One result is that the market price of a product often fails to include its full cost. “A polluter is allowed to shift the environmental cost of its actions to other parties, so goods and services appear cheaper than their true cost.” For example, a study by Harvard’s Institute for Global Health and the Environment found that the true cost of using coal in the U.S. is between $350 and $500 billion a year higher than the market value of coal sold. “Its price is cheap only because it is subsidized by its own victims.”
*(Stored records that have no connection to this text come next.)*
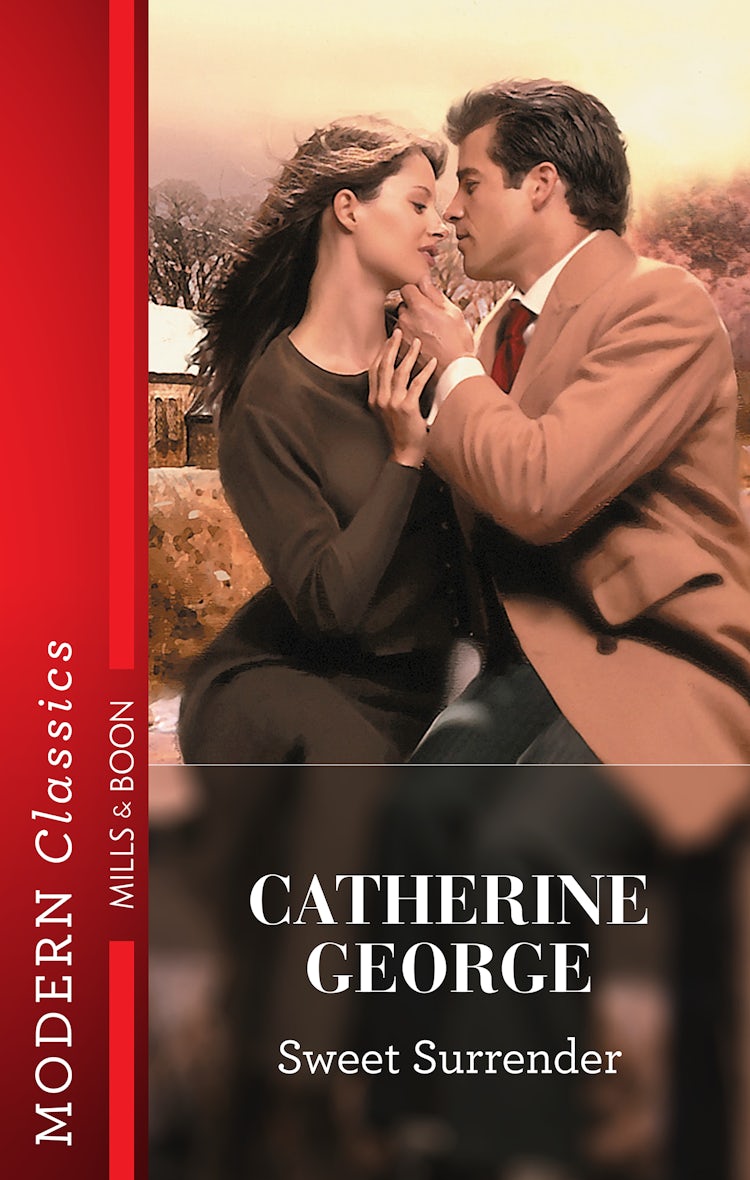 Cover image for Sweet Surrender, isbn: 9780857997302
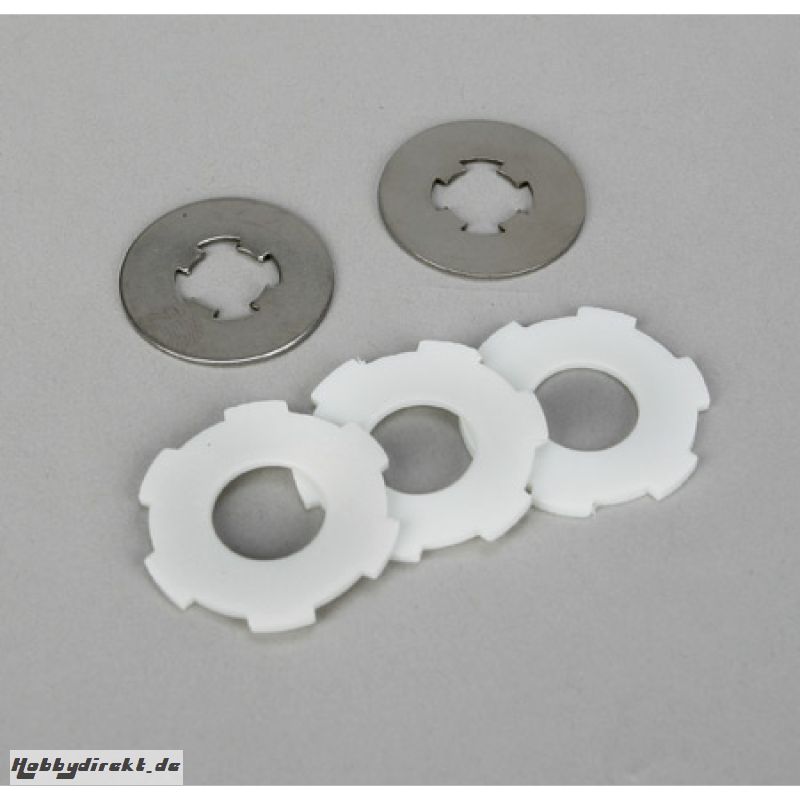 Slipper Pads & Plates: LST, LST2, AFT, MGB Horizon LOSB3451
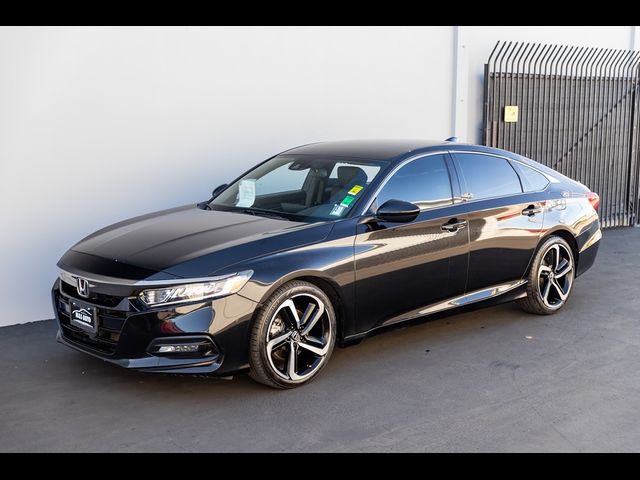 2018 Honda Accord Sport 1.5T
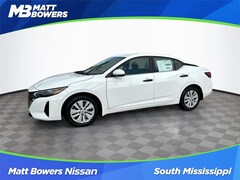 2025 Nissan Sentra S Sedan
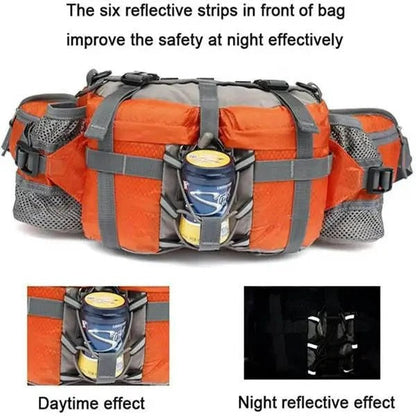 Sollievo Multifunctional Outdoor Waist Bag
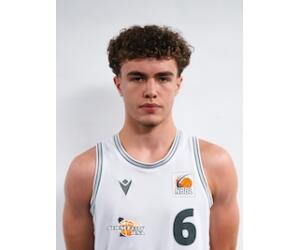 Matteo Schultz basketball player - F
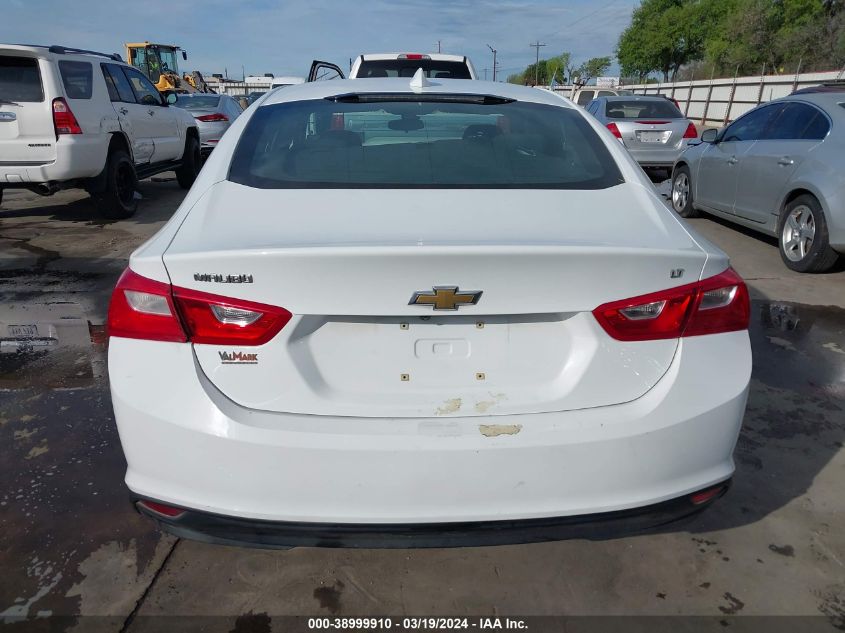 2016 Chevrolet Malibu 1Lt VIN: 1G1ZE5ST8GF286032 Lot: 38999910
Calculating the true cost of something isn’t easy. The true cost of oil would have to include the costs of cleaning up spills, the health costs of automobile emissions, and the military costs of keeping Middle East oil in friendly hands, not to mention the largely unknown costs of climate change. Estimates differ, but generally peg the true cost at least two or three times the price at the pump (even without trying to factor in climate change). Another form of questionable accounting is to count as an asset some $22 trillion of oil to which companies have access, although the actual burning of all that oil would probably result in catastrophic global warming. Some analysts call that a “stranded asset,” an apparent asset that can never actually be used.

When many of the costs are externalized, market competition among buyers and sellers is unable to allocate resources economically among forms of production. To put it simply, people buy and sell too much of the wrong stuff, and not enough of the right stuff. Business-as-usual seems very economical, while cleaner alternatives seem too expensive to be adopted. Our environmental problems reveal a massive market failure, which helps explain why so many free-market conservatives are reluctant to address those problems. (Okay, Larkin doesn’t actually make that last point, but I doubt that she would disagree.)

“Nature Means Business”

Larkin proposes the “Nature Means Business (NMB) Framework” as a new set of principles to govern economic activity.

The first principle is that the environmental costs of production can no longer be externalized and ignored. “Pollution can no longer be free and can no longer be subsidized.”

The second principle is that decision-making and accounting have to look beyond short-term profits. Businesses that don’t start thinking longer-term are setting themselves up for failure down the road.

The third principle is that government has to stop subsidizing business without regard to environmental impact. Instead it should provide incentives for environmentally friendlier practices and disincentives for damaging practices.